**WORK TO COMPLETE:**
Search the material for the string "that" and copy each line where it occurs.

- - -

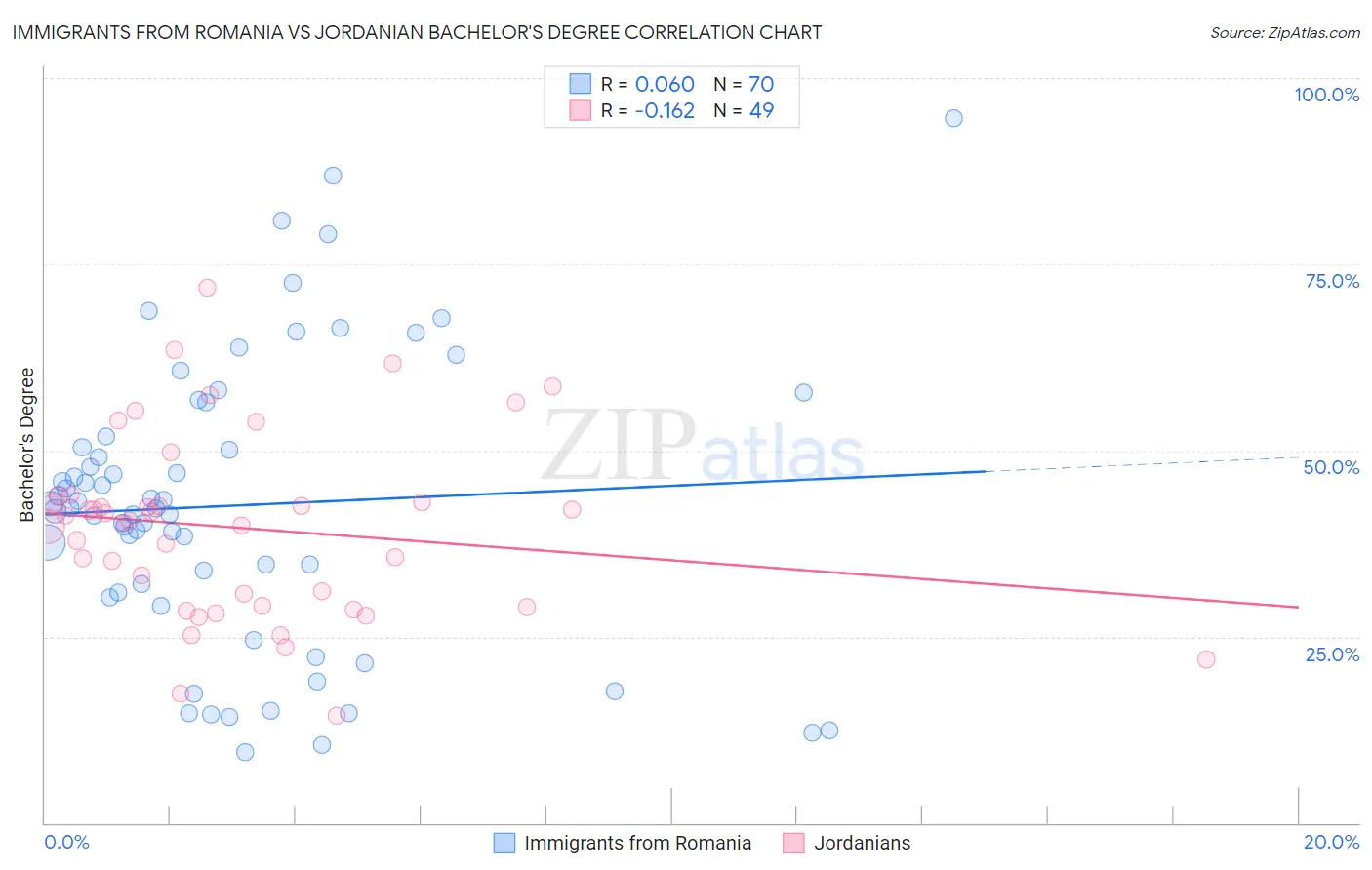 Immigrants from Romania vs Jordanian Bachelor's Degree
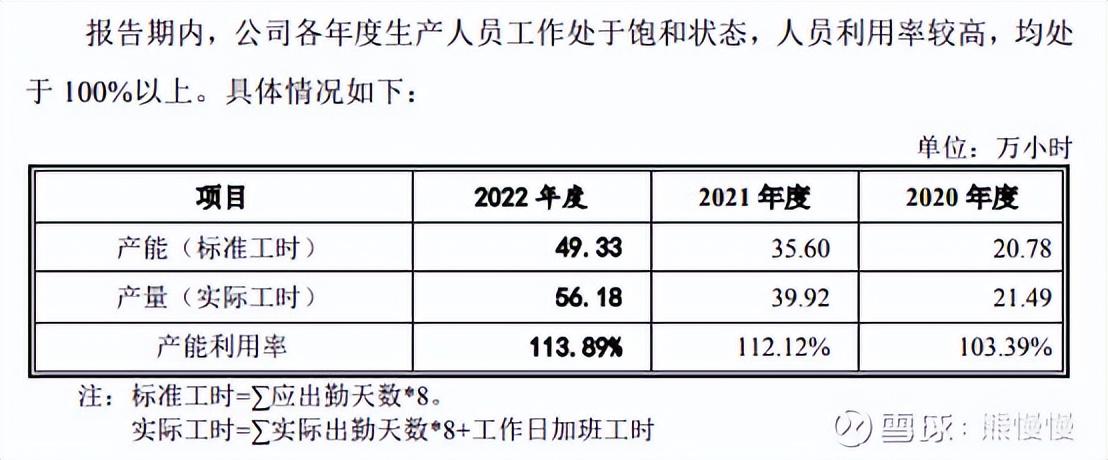 2023年新股申购政策,今日科创板新股申购
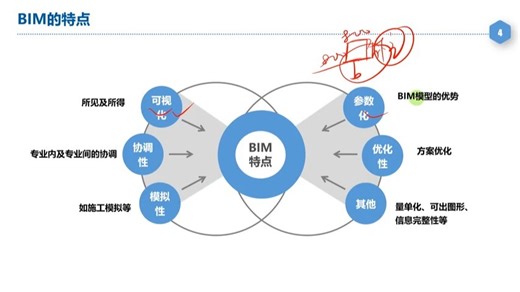 0基础入门从小白到高手BIM建模实操班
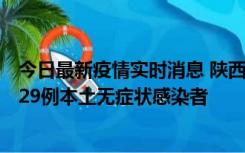 今日最新疫情实时消息 陕西11月1日新增8例本土确诊病例、29例本土无症状感染者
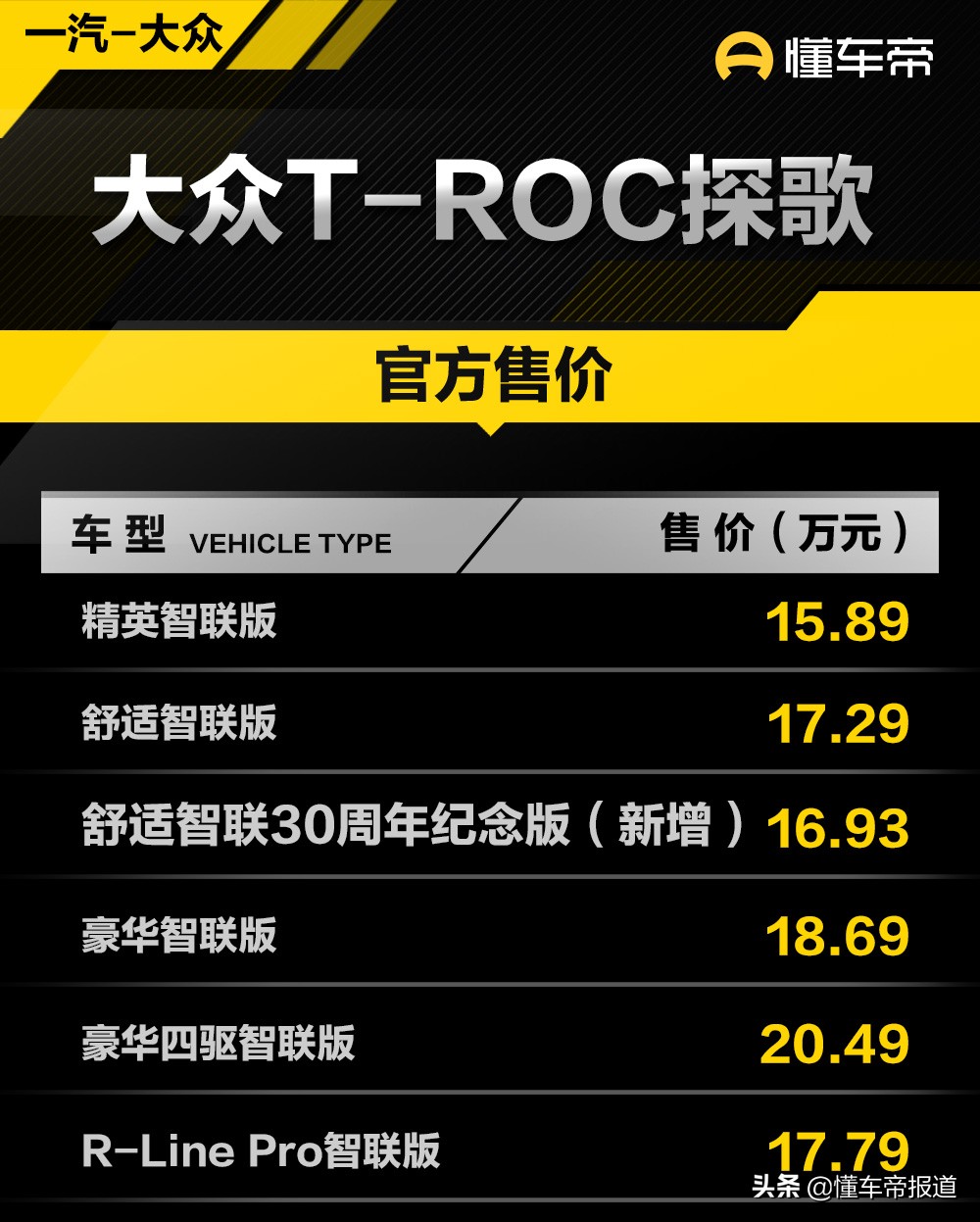 大众troc价格（新车）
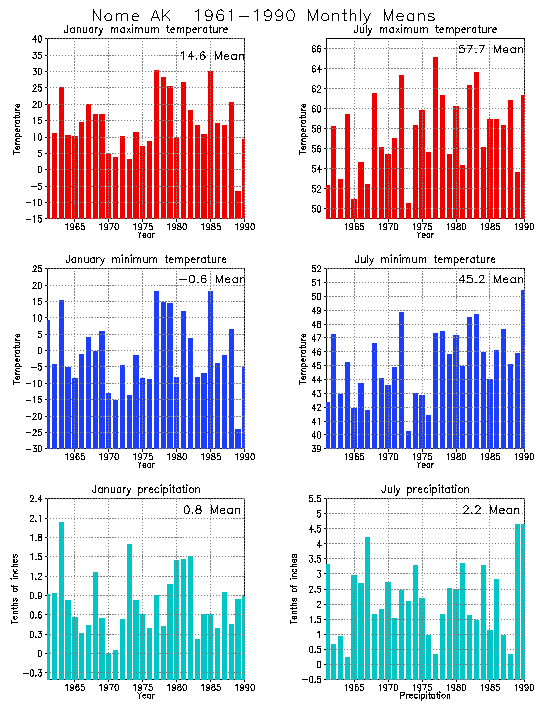 Nome, Alaska Average Monthly Temperature Graph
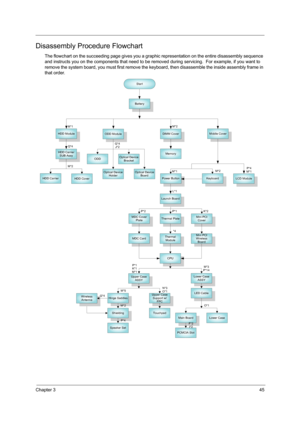 Page 53Chapter 345
Disassembly Procedure Flowchart
The flowchart on the succeeding page gives you a graphic representation on the entire disassembly sequence 
and instructs you on the components that need to be removed during servicing.  For example, if you want to 
remove the system board, you must fi rst remove the keyboard, then disassemble the inside assembly frame in 
that order.    
Start
Battery
HDD ModuleMiddle Cover
HDD CarrierKeyboardM*2Power Button
DIMM Cover
MemoryM*2
LCD Module
ODD Module
M*1
P*4...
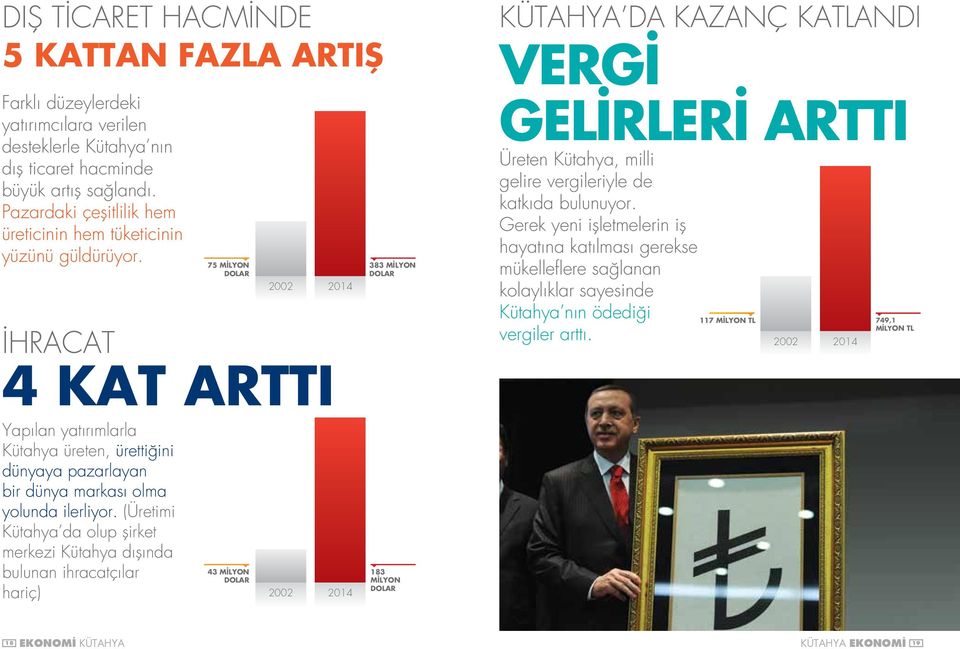 İHRACAT 75 MİLYON DOLAR 2002 4 KAT ARTTI 2014 383 MİLYON DOLAR KÜTAHYA DA KAZANÇ KATLANDI VERGİ GELİRLERİ ARTTI Üreten Kütahya, milli gelire vergileriyle de katkıda bulunuyor.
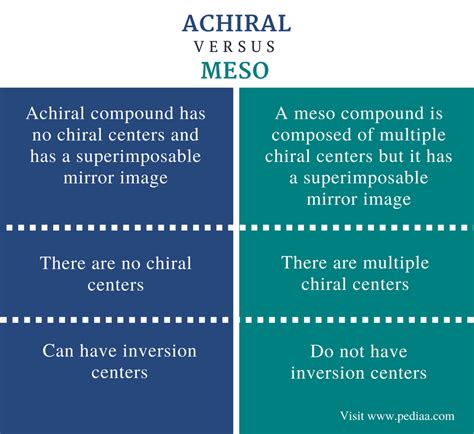 difference between meso and achiral
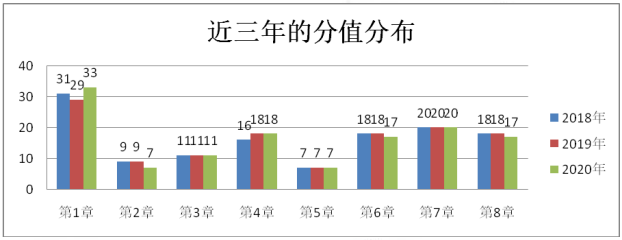 微信截图_20200922182818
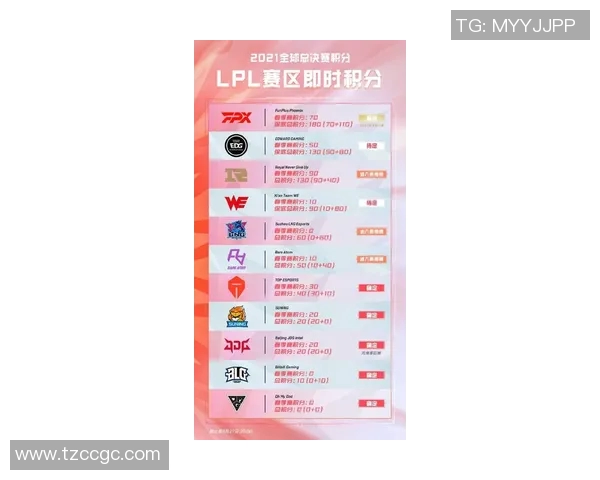 2026电竞新闻FPX在Major赛积分榜上以73分稳居第一争夺冠军之路愈发明朗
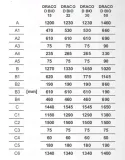 kociol-tekla-dracod-bio-30-igneo-touch-klasa-efektywnosci-energetycznej-a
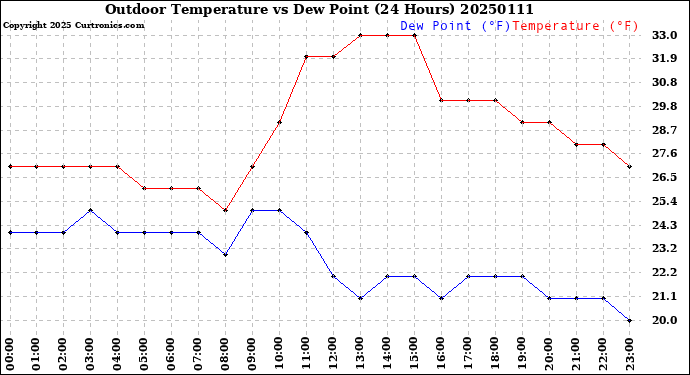 Milwaukee Weather Outdoor Temperature<br>vs Dew Point<br>(24 Hours)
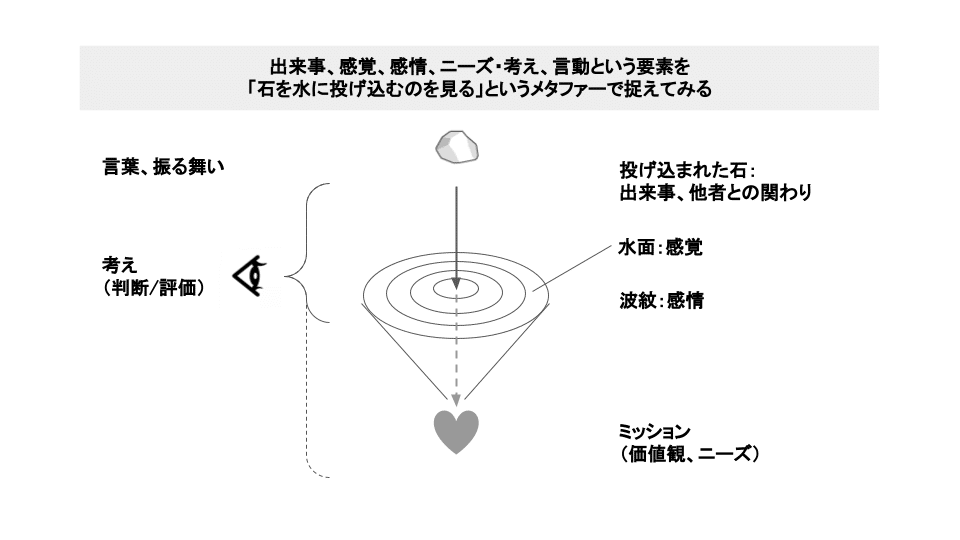 202105_Shape ONE_創造性を回復するプログラム (1)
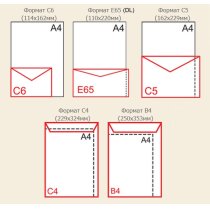 Конверт C6 (0+1) скл, 75 г/м2, за 25 шт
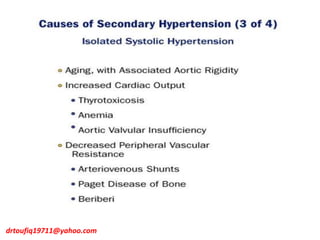 drtoufiq19711@yahoo.com
 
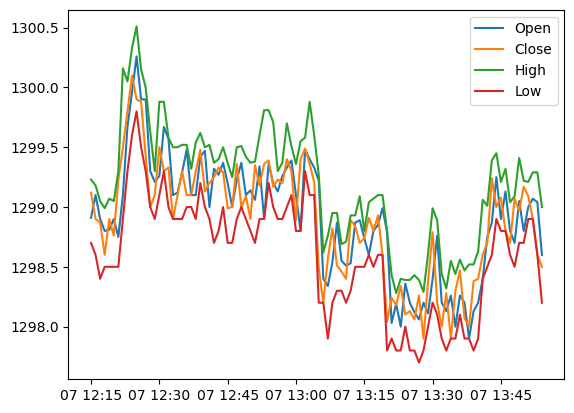 Visualization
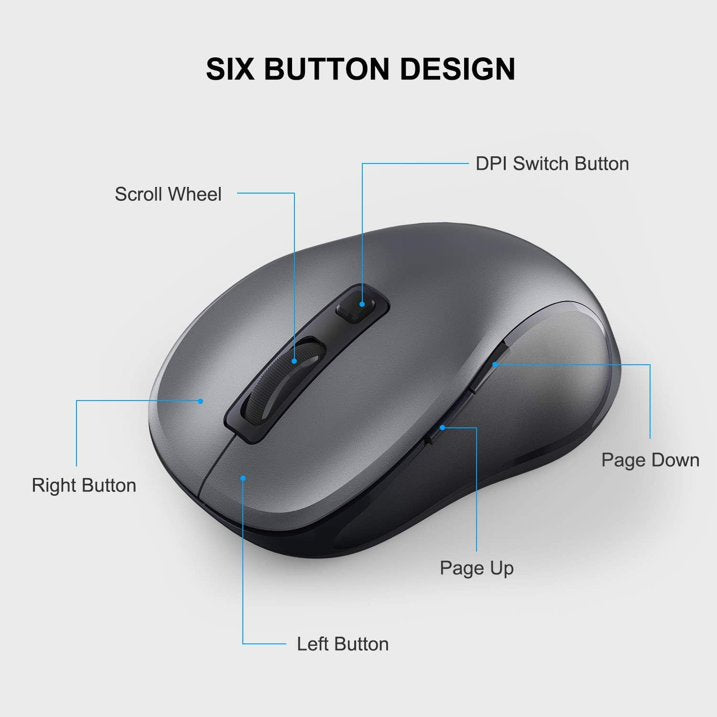 Wireless Mouse for Laptop, Ergonomic Silent Computer Mouse with USB & USB-C, 3 DPI 6 Buttons,Grey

- - -

**TASK RESPONSE:**
and instructs you on the components that need to be removed during servicing.  For example, if you want to 
that order.    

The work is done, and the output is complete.